Joy was at the bottom of this, he knew. Where was she? He whirled out of the doorway, and then he heard the porch swing creaking. Forgotten for the moment was the flooding river and the danger to the crop in the bottom. That would have to wait a little while longer.

He went down the hall in three furious strides and emerged harsh-laced onto the porch. She was lolling in the swing with one leg double under her and an arm thrown carelessly along the back. There was a fresh blue ribbon in her hair and she had on a short, frilly summer dress scarcely down to her knees. She wore high-heeled red shoes, with no stockings, and one bare leg pushed idly against the floor to keep the swing moving.

She let her head tilt back to look up at him with a lazy smile.

“Well, it’s Mitch. My, don’t you look mad?”

“What’s this Jessie just told me?” he asked curtly.

She shook her head, still smiling. “Goodness, Mitch, how do I know? What
did
she tell you?”

“The hell you don’t know. She says she’s going to go with you when you leave.”

“Oh, yes. Isn’t that sweet of her? She wants to go live with me.”

“Well, she’s not,” he said furiously.

“Why, Mitch? Has she changed her mind?” she asked, wide-eyed.

“I’ll change it for her. She’s not going.”

She dropped the bantering pose for a moment and looked at him with the open hatred in her eyes. “What makes you think so?”

“I won’t let her.”

“And just how do you think you’re going to stop her?”

He was up against the same thing again. He began to feel that the top of his head was going to blow off in the maddening fury of his impotence.

“She’s got her back up about something,” he said, forcing himself to be calm. “I want to know what it is.”

She was smiling again now with an infuriating provocativeness. “Oh, that. She’s mad at you because she thinks it was you that tried to pull me out of the window last night and made me fall.”

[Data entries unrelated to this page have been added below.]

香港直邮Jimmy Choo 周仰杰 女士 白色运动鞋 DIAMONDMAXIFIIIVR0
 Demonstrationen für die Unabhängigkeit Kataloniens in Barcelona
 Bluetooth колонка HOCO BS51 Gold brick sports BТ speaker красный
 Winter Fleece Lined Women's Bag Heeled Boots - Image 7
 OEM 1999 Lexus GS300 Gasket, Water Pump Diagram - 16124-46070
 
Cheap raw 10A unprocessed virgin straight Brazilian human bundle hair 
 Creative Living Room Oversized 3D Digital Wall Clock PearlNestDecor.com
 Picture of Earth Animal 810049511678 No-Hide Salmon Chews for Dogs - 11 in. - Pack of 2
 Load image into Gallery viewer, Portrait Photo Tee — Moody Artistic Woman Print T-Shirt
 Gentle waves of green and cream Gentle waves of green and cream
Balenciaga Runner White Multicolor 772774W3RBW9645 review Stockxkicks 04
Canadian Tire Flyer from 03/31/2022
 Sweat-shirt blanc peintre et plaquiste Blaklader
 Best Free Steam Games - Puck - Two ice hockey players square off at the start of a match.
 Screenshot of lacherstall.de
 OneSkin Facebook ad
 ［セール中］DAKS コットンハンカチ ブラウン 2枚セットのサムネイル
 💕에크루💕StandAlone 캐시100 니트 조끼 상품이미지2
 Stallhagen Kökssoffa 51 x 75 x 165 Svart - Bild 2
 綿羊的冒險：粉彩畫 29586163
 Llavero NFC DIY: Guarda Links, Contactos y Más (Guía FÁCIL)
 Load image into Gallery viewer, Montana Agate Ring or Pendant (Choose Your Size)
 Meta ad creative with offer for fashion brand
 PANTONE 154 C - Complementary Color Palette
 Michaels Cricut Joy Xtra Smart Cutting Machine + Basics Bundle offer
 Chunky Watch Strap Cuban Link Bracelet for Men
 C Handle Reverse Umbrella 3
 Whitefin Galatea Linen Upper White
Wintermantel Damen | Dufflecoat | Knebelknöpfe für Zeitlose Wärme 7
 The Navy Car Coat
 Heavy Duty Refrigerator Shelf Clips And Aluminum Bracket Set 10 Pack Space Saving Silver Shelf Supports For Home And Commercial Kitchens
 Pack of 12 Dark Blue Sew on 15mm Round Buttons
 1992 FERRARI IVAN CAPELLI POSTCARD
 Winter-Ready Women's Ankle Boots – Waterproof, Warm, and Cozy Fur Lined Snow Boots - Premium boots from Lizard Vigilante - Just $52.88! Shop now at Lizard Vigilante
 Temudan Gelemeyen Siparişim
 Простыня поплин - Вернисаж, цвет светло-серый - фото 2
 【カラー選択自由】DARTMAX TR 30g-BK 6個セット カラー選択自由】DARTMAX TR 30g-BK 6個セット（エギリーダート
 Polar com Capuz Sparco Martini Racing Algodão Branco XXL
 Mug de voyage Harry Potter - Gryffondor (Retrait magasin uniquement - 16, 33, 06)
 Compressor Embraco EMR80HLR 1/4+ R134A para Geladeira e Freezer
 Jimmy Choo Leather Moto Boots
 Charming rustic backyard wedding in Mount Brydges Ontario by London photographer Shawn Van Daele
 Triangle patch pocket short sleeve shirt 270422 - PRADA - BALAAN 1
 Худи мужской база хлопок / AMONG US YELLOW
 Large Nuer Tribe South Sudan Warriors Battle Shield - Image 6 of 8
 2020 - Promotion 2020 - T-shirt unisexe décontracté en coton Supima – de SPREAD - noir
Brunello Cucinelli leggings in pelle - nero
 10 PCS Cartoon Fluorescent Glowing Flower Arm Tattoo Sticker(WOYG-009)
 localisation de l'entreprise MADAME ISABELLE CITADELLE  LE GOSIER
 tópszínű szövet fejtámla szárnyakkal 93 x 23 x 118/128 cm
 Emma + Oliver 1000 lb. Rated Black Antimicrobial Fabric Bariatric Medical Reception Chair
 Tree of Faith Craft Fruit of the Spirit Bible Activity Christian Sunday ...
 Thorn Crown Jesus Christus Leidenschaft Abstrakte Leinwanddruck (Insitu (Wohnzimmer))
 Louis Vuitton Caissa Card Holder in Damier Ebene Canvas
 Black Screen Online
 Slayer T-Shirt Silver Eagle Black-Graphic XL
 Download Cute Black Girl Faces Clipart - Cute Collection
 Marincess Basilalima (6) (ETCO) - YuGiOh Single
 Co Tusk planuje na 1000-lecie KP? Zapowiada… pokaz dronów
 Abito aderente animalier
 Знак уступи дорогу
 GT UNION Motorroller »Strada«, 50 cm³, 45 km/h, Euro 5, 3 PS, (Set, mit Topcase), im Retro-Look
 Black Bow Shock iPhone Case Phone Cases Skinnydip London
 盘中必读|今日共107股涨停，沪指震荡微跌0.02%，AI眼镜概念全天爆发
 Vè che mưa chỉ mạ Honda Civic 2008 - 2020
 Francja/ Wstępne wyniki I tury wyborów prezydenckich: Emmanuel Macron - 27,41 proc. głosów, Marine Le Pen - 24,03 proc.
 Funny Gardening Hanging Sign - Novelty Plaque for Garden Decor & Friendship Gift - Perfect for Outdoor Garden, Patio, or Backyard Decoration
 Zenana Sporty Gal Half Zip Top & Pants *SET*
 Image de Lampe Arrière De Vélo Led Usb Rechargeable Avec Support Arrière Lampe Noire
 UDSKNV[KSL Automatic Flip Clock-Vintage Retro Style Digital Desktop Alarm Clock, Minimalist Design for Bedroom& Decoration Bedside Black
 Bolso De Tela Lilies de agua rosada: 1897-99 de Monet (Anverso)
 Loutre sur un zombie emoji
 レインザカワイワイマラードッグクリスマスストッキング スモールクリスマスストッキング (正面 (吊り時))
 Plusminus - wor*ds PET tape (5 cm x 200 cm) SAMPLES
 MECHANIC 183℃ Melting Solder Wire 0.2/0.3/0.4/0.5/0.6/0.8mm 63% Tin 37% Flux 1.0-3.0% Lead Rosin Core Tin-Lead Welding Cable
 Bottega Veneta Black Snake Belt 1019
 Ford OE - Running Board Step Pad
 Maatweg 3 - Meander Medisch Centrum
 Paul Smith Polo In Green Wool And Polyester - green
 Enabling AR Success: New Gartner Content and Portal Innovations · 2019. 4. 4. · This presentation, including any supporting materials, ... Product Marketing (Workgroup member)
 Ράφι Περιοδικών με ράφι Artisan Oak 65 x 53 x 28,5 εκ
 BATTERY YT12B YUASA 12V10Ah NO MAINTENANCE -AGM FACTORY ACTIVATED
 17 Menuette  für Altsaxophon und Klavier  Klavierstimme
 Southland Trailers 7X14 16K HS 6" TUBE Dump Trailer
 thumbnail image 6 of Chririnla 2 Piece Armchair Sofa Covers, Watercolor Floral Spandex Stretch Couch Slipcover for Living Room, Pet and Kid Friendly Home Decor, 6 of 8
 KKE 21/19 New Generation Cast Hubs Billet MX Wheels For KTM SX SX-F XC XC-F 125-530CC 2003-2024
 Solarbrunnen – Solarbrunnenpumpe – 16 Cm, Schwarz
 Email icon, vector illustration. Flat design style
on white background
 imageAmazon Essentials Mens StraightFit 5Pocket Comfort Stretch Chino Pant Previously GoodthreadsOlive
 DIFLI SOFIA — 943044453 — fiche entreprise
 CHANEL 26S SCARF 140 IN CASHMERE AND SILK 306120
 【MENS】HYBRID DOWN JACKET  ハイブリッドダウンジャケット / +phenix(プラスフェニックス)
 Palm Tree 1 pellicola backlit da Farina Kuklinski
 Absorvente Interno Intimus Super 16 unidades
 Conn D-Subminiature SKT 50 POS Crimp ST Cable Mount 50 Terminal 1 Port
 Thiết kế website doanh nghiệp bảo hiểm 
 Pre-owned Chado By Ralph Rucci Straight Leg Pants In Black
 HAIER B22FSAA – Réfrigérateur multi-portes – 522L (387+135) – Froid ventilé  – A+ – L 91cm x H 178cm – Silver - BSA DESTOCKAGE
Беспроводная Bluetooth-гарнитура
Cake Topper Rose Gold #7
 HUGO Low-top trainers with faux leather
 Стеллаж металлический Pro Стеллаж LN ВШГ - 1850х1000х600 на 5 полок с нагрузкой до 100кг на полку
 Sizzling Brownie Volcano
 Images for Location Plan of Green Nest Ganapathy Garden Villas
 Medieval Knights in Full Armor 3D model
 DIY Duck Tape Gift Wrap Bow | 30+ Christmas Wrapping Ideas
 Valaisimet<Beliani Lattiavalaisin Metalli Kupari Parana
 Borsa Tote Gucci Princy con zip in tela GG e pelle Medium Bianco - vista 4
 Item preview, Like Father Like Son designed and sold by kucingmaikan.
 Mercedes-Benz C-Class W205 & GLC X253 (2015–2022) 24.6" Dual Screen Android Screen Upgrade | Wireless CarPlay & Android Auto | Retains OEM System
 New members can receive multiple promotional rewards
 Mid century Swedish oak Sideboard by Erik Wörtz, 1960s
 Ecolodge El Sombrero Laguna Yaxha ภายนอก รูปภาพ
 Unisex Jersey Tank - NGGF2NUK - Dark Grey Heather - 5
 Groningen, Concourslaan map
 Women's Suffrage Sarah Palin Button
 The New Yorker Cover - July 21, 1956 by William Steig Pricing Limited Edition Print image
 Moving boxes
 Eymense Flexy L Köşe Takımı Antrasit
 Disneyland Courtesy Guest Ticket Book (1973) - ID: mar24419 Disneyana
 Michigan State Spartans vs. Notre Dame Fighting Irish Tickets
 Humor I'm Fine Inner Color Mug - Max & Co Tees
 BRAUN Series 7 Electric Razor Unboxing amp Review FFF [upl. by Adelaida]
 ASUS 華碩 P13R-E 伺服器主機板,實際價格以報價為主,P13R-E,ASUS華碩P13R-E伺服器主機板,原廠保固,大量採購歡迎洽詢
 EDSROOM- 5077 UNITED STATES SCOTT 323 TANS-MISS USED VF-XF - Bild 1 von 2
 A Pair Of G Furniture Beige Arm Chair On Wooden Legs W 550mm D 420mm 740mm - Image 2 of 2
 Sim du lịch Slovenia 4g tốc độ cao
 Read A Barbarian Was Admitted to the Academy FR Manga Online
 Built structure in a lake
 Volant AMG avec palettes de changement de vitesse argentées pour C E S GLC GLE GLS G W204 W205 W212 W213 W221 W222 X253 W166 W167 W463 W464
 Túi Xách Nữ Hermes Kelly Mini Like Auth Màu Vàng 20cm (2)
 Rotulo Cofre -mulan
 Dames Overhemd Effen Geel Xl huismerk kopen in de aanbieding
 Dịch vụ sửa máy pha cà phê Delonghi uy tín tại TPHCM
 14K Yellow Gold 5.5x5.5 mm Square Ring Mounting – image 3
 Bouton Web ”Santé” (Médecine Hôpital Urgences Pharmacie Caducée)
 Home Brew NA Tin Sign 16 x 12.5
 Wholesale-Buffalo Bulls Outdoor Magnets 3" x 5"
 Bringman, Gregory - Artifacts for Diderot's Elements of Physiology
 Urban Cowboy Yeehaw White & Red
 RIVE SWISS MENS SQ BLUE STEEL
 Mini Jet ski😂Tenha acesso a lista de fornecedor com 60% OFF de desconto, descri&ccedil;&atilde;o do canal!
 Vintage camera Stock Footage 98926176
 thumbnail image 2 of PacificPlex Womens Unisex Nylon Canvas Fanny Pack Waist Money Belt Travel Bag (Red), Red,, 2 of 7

“Tried to pull you out of the window? What the hell—”

“Oh, haven’t you heard about that, Mitch? Or have you? Why, just look at what you—I mean, whoever it was—did to my poor legs.”

Still watching him with that tantalizing smile, she reached down and pulled the dress halfway up her long, smooth thighs. “Look at the nasty bruises where I hit the window sill. Now, was that a nice thing for somebody to do? Just to get a girl to come out and play?”

“And you told her I did that?” he asked ominously.

“Oh, no. As a matter of fact, I told her I didn’t think it was you. But she wouldn’t believe me. I don’t know who it was. It just seems to me, though, that it was an awful rough way to try to make a girl. Maybe that’s the only way
you
could, though.”

For a moment he was speechless with the rage that was clotted up inside and choking him. She made no attempt whatever to pull the dress down, and continued to watch him lazily, with that same calculated seductiveness. Deliberately reaching out the long bare leg, she placed the toe of a red shoe against his knee and pushed, setting the swing in motion again.

“But you were talking about Jessie,” she went on. “You don’t have to worry about her, Mitch. A couple of girls can always get by somehow.”

“You lousy tramp!” His arm swung down and across, and the hard flat palm of his hand smacked against the leg with a retort like the slap of a beaver’s tail. The force of it pushed her around in the swing.

She laughed. “You poor, stupid jerk.”

Then they both heard the rapid tattoo of Jessie’s shoes in the hall. Joy huddled in the corner of the swing, the derisive laughter gone now and replaced with a pitiful and abject terror while she put an arm up as if to protect herself against further attack: Jessie hit him from the back like a hurtling terrier, and when he turned she slapped his face.

Contempt in the eyes of a fifteen-year-old girl, he decided, was one of the worst things he had ever faced in his life.